[Records from a collection]

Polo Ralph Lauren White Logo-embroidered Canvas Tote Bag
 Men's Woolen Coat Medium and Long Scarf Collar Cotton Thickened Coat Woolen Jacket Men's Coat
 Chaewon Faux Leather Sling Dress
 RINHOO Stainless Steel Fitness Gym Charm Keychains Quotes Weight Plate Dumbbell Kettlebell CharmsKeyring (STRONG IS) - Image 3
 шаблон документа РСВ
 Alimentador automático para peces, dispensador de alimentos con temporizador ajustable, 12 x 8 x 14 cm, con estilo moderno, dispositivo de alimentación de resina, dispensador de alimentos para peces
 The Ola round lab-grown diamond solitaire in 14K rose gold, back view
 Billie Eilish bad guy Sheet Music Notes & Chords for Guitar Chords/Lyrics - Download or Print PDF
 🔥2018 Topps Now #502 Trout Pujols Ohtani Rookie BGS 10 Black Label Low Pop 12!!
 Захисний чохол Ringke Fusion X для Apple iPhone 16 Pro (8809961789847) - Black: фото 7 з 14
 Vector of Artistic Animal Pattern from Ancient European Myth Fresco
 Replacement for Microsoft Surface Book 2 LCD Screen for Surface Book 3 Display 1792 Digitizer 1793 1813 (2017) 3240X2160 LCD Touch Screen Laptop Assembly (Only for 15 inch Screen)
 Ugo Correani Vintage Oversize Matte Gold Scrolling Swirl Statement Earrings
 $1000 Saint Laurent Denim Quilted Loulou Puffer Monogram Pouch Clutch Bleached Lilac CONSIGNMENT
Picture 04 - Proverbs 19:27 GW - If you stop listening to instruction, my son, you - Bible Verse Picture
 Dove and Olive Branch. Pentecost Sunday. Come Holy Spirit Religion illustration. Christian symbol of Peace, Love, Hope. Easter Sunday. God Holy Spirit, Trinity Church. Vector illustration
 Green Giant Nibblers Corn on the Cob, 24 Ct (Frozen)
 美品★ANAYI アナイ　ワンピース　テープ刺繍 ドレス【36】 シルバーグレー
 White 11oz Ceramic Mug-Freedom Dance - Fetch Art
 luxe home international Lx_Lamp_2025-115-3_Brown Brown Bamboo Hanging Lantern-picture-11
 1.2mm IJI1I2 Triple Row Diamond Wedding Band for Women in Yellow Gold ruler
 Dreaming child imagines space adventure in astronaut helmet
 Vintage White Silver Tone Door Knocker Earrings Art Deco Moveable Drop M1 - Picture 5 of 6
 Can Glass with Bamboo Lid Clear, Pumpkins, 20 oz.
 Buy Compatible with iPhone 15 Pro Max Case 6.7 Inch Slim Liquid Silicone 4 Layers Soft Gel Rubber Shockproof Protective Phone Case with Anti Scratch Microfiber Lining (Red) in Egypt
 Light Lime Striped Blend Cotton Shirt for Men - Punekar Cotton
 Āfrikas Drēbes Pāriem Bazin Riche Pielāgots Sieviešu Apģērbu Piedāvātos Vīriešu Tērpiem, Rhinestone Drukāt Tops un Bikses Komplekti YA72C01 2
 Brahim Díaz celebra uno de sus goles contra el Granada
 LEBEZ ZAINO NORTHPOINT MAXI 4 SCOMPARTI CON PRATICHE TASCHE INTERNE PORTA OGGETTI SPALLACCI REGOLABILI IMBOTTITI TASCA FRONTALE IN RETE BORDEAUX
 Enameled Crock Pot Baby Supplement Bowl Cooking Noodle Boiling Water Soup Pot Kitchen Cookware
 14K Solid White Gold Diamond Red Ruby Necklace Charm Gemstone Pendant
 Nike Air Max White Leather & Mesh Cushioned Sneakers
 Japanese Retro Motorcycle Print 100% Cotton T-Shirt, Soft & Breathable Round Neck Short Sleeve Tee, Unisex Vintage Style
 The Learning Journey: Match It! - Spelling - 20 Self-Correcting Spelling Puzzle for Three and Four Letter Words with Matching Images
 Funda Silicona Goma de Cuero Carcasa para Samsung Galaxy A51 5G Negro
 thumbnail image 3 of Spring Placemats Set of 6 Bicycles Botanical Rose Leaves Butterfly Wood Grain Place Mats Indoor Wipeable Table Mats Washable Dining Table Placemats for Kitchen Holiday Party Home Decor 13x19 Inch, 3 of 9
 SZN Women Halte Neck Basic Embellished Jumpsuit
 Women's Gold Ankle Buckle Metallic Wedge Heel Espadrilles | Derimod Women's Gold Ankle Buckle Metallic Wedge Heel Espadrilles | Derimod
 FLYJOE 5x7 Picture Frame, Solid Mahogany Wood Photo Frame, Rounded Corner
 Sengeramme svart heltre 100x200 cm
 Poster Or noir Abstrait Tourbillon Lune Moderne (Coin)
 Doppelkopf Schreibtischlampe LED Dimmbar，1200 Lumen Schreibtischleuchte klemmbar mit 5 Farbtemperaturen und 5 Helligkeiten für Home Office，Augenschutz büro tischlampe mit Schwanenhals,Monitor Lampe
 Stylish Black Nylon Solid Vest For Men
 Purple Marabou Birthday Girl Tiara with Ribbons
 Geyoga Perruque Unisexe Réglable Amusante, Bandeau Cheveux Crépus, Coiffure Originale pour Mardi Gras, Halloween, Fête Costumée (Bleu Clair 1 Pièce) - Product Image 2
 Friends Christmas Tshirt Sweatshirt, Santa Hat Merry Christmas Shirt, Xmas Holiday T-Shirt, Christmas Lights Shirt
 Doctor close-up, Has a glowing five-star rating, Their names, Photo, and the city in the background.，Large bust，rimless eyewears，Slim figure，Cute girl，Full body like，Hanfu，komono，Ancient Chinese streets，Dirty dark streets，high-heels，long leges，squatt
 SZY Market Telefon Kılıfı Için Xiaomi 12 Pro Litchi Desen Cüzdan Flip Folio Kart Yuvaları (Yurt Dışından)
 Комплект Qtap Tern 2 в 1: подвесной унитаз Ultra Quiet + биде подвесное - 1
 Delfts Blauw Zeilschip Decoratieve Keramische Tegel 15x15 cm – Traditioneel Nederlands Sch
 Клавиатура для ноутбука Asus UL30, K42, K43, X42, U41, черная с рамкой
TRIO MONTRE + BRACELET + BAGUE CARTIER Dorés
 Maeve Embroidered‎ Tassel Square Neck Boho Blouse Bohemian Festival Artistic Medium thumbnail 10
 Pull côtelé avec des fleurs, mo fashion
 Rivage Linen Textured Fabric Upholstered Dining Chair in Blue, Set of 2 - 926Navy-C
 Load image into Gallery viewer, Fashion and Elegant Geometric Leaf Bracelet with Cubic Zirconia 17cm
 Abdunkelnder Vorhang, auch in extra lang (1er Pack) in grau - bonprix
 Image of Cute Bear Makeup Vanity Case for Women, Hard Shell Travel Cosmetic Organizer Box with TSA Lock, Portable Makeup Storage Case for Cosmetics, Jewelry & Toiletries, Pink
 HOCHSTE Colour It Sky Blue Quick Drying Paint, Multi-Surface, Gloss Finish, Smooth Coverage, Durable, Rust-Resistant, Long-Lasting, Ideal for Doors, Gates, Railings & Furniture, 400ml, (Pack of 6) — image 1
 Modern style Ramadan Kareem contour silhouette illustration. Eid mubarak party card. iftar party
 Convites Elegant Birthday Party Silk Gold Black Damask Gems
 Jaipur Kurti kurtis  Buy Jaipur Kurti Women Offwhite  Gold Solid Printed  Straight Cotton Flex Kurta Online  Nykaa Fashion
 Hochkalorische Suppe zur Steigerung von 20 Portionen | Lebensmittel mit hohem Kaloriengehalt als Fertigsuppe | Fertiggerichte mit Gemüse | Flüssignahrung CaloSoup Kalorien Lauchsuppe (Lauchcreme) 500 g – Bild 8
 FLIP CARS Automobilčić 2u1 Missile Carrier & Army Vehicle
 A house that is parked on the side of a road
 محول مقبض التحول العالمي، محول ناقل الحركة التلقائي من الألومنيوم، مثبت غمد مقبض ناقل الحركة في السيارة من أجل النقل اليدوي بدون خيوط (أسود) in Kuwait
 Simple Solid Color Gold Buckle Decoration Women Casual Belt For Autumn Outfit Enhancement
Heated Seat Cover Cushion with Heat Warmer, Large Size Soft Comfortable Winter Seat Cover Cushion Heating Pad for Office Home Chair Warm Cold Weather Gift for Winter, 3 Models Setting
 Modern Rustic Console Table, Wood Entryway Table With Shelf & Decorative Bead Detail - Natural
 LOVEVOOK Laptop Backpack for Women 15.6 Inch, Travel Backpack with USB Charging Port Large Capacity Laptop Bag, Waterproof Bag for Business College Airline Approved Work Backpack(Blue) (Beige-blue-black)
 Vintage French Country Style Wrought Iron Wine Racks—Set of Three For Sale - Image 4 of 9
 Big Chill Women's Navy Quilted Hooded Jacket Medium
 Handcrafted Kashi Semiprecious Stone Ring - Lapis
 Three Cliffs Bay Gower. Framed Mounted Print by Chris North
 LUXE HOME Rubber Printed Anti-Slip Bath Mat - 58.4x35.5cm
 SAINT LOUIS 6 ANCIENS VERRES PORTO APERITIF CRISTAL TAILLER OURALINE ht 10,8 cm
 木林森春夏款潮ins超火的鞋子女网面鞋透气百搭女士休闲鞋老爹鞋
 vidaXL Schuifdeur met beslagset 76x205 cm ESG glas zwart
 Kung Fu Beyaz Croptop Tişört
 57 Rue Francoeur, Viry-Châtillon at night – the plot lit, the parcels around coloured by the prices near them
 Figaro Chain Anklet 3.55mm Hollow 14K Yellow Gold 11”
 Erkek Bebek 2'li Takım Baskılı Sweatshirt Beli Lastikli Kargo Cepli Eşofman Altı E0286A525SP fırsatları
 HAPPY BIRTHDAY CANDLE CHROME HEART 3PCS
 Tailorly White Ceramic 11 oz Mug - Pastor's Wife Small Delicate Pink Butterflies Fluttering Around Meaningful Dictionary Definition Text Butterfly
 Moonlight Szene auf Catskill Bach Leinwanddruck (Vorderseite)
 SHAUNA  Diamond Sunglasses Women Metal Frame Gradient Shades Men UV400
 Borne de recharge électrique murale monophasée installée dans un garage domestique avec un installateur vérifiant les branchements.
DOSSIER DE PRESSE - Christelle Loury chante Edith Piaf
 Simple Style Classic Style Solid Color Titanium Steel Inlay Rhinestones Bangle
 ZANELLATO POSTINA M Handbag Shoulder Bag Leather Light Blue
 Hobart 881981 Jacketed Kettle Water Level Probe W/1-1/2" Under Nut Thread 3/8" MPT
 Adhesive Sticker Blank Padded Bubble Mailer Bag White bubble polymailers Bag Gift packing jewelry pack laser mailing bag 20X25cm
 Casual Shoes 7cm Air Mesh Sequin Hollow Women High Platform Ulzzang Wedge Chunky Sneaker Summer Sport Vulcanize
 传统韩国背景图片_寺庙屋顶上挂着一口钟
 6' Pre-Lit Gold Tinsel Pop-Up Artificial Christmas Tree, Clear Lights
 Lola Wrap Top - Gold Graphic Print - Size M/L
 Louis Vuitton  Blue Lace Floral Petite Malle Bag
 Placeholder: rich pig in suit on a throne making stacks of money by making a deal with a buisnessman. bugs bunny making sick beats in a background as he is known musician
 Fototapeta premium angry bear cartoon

Brief:
When a line of the records includes "Bamboo", that line belongs in the answer.

Solution for this exercise:
 luxe home international Lx_Lamp_2025-115-3_Brown Brown Bamboo Hanging Lantern-picture-11
 Can Glass with Bamboo Lid Clear, Pumpkins, 20 oz.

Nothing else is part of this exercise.